Consorzio del Collio, 60 anni da faro in una terra di sincretismi

Assaggi, memorie e progetti: resoconto di un viaggio nel tempo in uno dei territori bianchisti più importanti d’Italia. Per festeggiare il compleanno dell’ente che lo ha fatto conoscere al mondo.

Da 60 anni il Consorzio di Tutela dei vini del Collio è una stella polare in una terra di sincretismi. Per quest’angolo di Friuli che sfuma in terra slovena, una mezzaluna di molli colline incastrata tra le Alpi Giulie e l’Adriatico, dove si mescolano lingue e tradizioni e dove l’arte di fare vino ha radici antiche e profondamente intrecciate col tessuto popolare, l’ente di tutela rappresenta un punto di riferimento fin dalla sua fondazione.
La carta d’identità riporta 31 maggio 1964 e da allora di passi avanti ne sono stati fatti tanti, “i vigneti sono diventati giardini, le cantine cattedrali, le case coloniche ville e relais di charme”. La celebrazione di questo compleanno, il 31 maggio 2024, ha riunito nelle stanze della Fondazione Villa Russiz a Capriva del Friuli alcuni di quelli che questa storia l’hanno cominciata e coloro che continuano a scriverla. Ed è stata l’occasione per rievocare il passato e tratteggiare il futuro.
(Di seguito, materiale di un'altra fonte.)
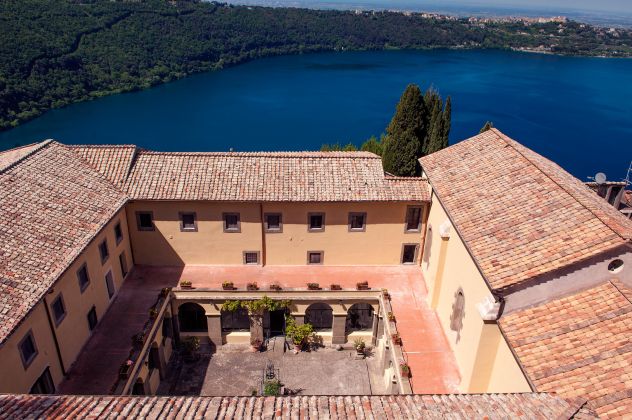 Palazzola, a magic retreat just outside Rome - image 1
Consorzio nel 1964 e Doc nel 1968

Quello che sarà uno dei primi Consorzi del vino italiani è nato dall’intuizione del conte Sigismondo Douglas Attems, che ha avuto la lungimiranza di unire i produttori locali, incentivando l’eccellenza della qualità del vino prodotto.
«C’erano tanti vantaggi, ma anche tanti oneri. Alla fine, firmarono in una ventina, il numero minimo per l’istituzione», ha ricordato Michele Formentini, memoria storica del Consorzio che scrisse di proprio pugno l’atto costitutivo, durante il convegno “Collio un viaggio lungo 60 anni”. La legge che disciplinava le denominazioni di origine, del 1963, era cosa fresca e l’iter burocratico per il riconoscimento della Doc, concluso nel 1968, fu un passo pionieristico. «Dal vino sfuso venduto in damigiane ai ristoranti locali, le aziende cominciarono a imbottigliare. Presto arrivarono i primi successi, le medaglie e i riconoscimenti internazionali. Le nostre bottiglie erano servite sui voli di prima classe dell’Alitalia e ai tavoli del Quirinale».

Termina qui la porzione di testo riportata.